[Saved entries]
-- Opening Marker --

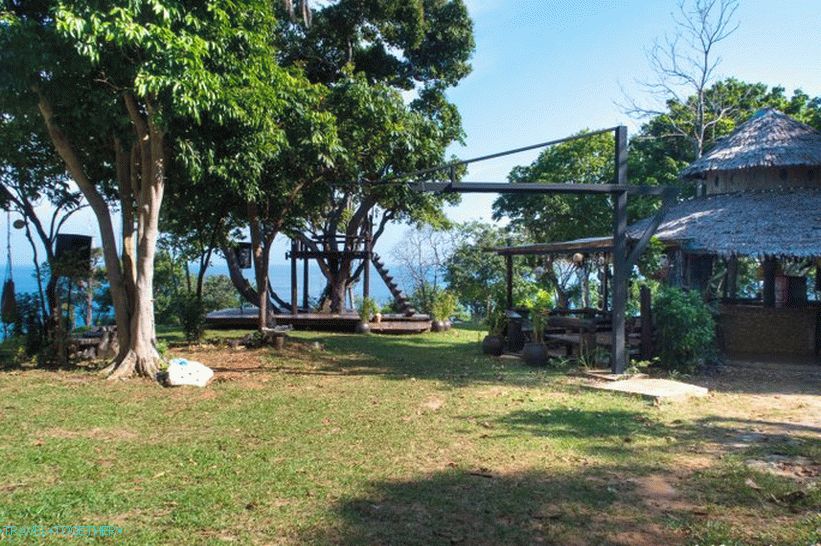 Cafe Monkey Bar a Phi Phi-ban - a bejárók és a hajnalok találkozására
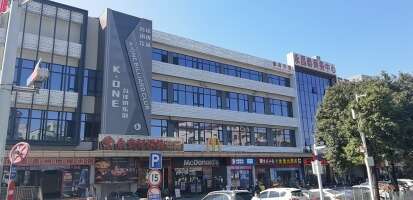 喜客隆商务中心停车场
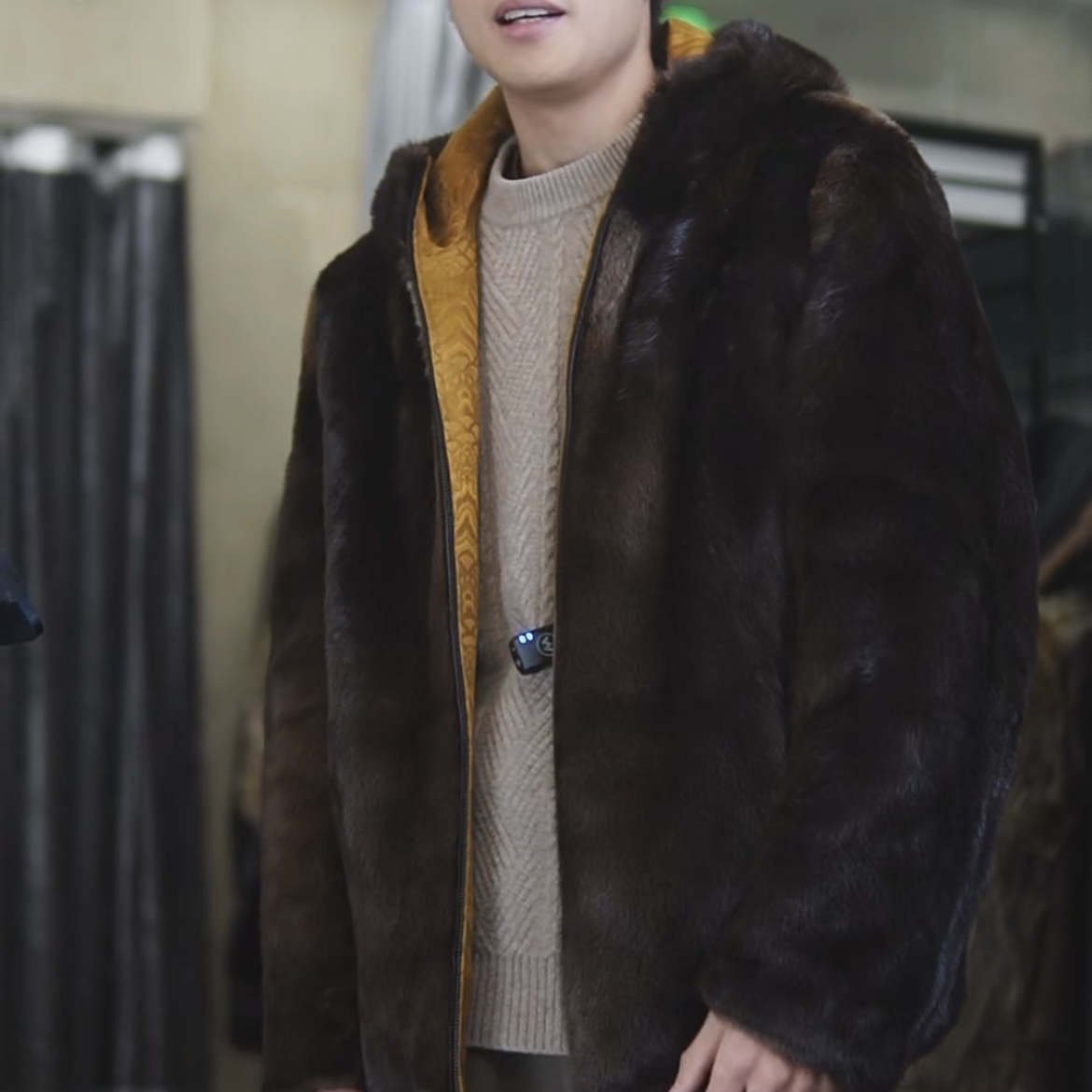 地球上毛最密的动物双面穿宋锦桑蚕丝真丝连帽款真毛海宁大衣时尚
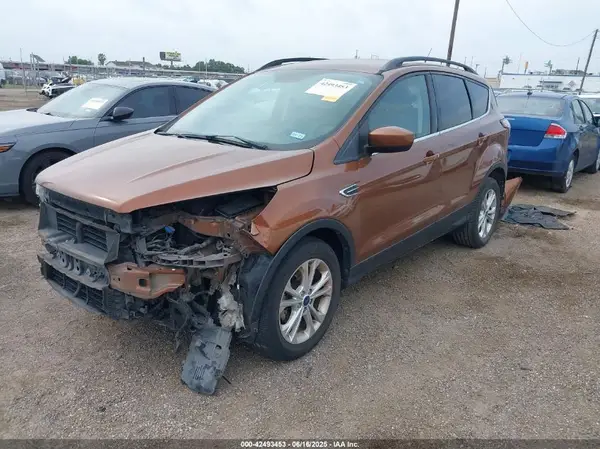1FMCU0GD9HUC52100 2017 FORD ESCAPE - Image 2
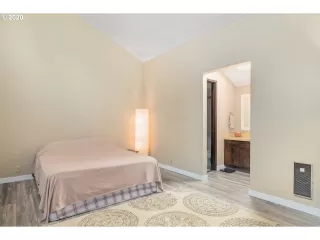 Photo #5: 20665670 Listing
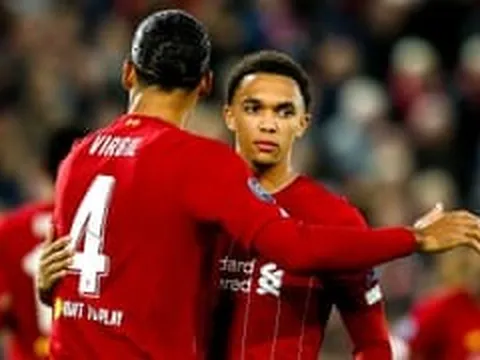 Xuất hiện "thánh chuyền dài", giỏi hơn Van Dijk và Arnold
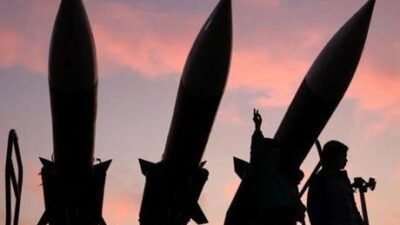 İran Devrim Muhafızları Ordusu: Füze ve İHA’larımız ABD hedeflerine kilitlendi İran’ın stratejik füze operasyonlarından sorumlu birimi Devrim Muhafızları Ordusu Hava-Uzay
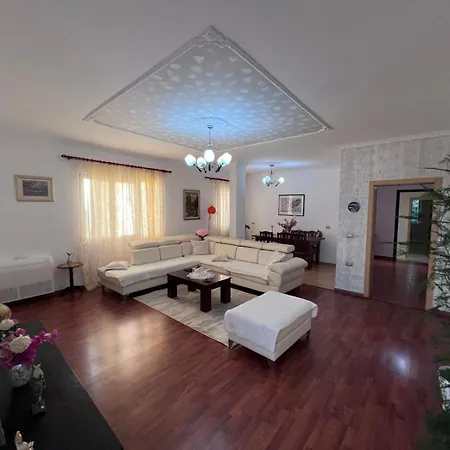 Luxury - Dar Al Shams 01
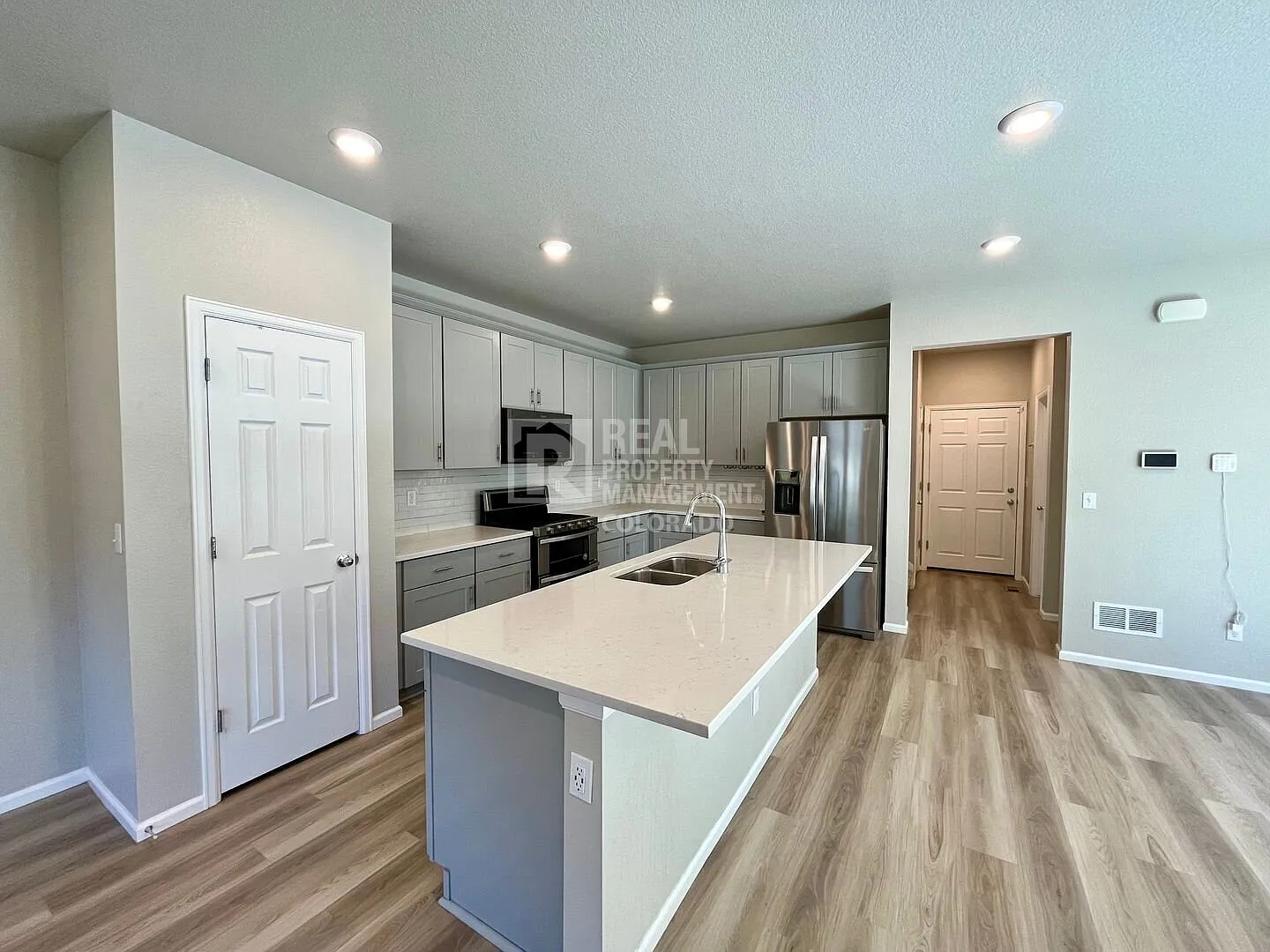 Bright & Comfortable 3 Bedroom Brighton Home — Photo 4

-- Closing Marker --

#### Your task:
Copy out every entry above exactly. Leave the pictures out.

#### Solution for this task:
 Cafe Monkey Bar a Phi Phi-ban - a bejárók és a hajnalok találkozására
 喜客隆商务中心停车场
 地球上毛最密的动物双面穿宋锦桑蚕丝真丝连帽款真毛海宁大衣时尚
1FMCU0GD9HUC52100 2017 FORD ESCAPE - Image 2
 Photo #5: 20665670 Listing
 Xuất hiện "thánh chuyền dài", giỏi hơn Van Dijk và Arnold
 İran Devrim Muhafızları Ordusu: Füze ve İHA’larımız ABD hedeflerine kilitlendi İran’ın stratejik füze operasyonlarından sorumlu birimi Devrim Muhafızları Ordusu Hava-Uzay
 Luxury - Dar Al Shams 01
 Bright & Comfortable 3 Bedroom Brighton Home — Photo 4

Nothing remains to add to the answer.